Large Language Models (LLMs) have taken the world by storm due to their remarkable performances and potential across a various range of tasks. They’re best known for his or her capabilities in text generation, language understanding, text summarization and lots of more. The downside to their widespread adoption is the astronomical size of their model parameters, which requires significant memory capability and specialized hardware for inference. Consequently, deploying these models has been quite difficult.
A technique the computational power required for inference might be reduced is through the use of quantization methods, i.e. reducing the precision of weights and activation functions of a synthetic neural network. INT8 and weight-only quantization are a pair of how the inference cost might be improved. These methods, nevertheless, are generally optimized for CUDA and will not necessarily work on CPUs.
The authors of this research paper from Intel have proposed an efficient way of efficiently deploying LLMs on CPUs. Their approach supports automatic INT-4 weight-only quantization (low precision is applied to model weights only while that of activation functions is kept high) flow. They’ve also designed a selected LLM runtime that has highly optimized kernels that speed up the inference process on CPUs.
The quantization flow is developed on the idea of an Intel Neural Compressor and allows for tuning on different quantization recipes, granularities, and group sizes to generate an INT4 model that meets the accuracy goal. The model is then passed to the LLM runtime, a specialized environment designed to judge the performance of the quantized model. The runtime has been designed to supply an efficient inference of LLMs on CPUs.
For his or her experiments, the researchers chosen a few of the popular LLMs having a various range of parameter sizes (from 7B to 20B). They evaluated the performance of FP32 and INT4 models using open-source datasets. They observed that the accuracy of the quantized model on the chosen datasets was nearly at par with that of the FP32 model. Moreover, they did a comparative evaluation of the latency of the following token generation and located that the LLM runtime outperforms the ggml-based solution by as much as 1.6 times.
In conclusion, this research paper presents an answer to one in every of the most important challenges related to LLMs, i.e., inference on CPUs. Traditionally, these models require specialized hardware like GPUs, which render them inaccessible for a lot of organizations. This paper presents an INT4 model quantization together with a specialized LLM runtime to supply an efficient inference of LLMs on CPUs. When evaluated on a set of popular LLMs, the tactic demonstrated a bonus over ggml-based solutions and gave an accuracy on par with that of FP32 models. There’s, nevertheless, scope for further improvement, and the researchers plan on empowering generative AI on PCs to fulfill the growing demands of AI-generated content.

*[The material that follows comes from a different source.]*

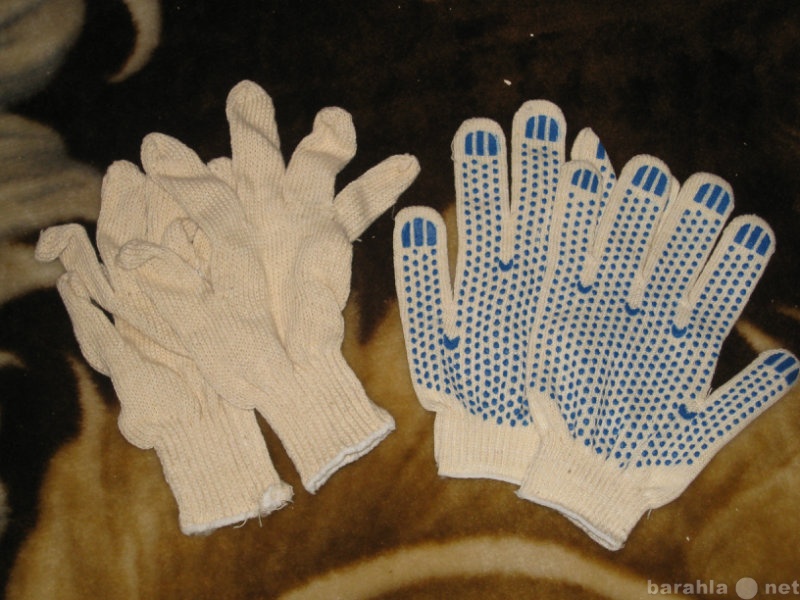 Продам: перчатки х/б и синтетические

Take a look at the Paper and Github. All credit for this research goes to the researchers of this project. Also, don’t forget to hitch our 32k+ ML SubReddit, 41k+ Facebook Community, Discord Channel, and Email Newsletter, where we share the most recent AI research news, cool AI projects, and more.
If you happen to like our work, you’ll love our newsletter..
We’re also on Telegram and WhatsApp.
Arham Islam
” data-medium-file=”https://www.marktechpost.com/wp-content/uploads/2022/10/Screen-Shot-2022-10-03-at-10.48.33-PM-293×300.png” data-large-file=”https://www.marktechpost.com/wp-content/uploads/2022/10/Screen-Shot-2022-10-03-at-10.48.33-PM.png”>
I’m a Civil Engineering Graduate (2022) from Jamia Millia Islamia, Latest Delhi, and I even have a keen interest in Data Science, especially Neural Networks and their application in various areas.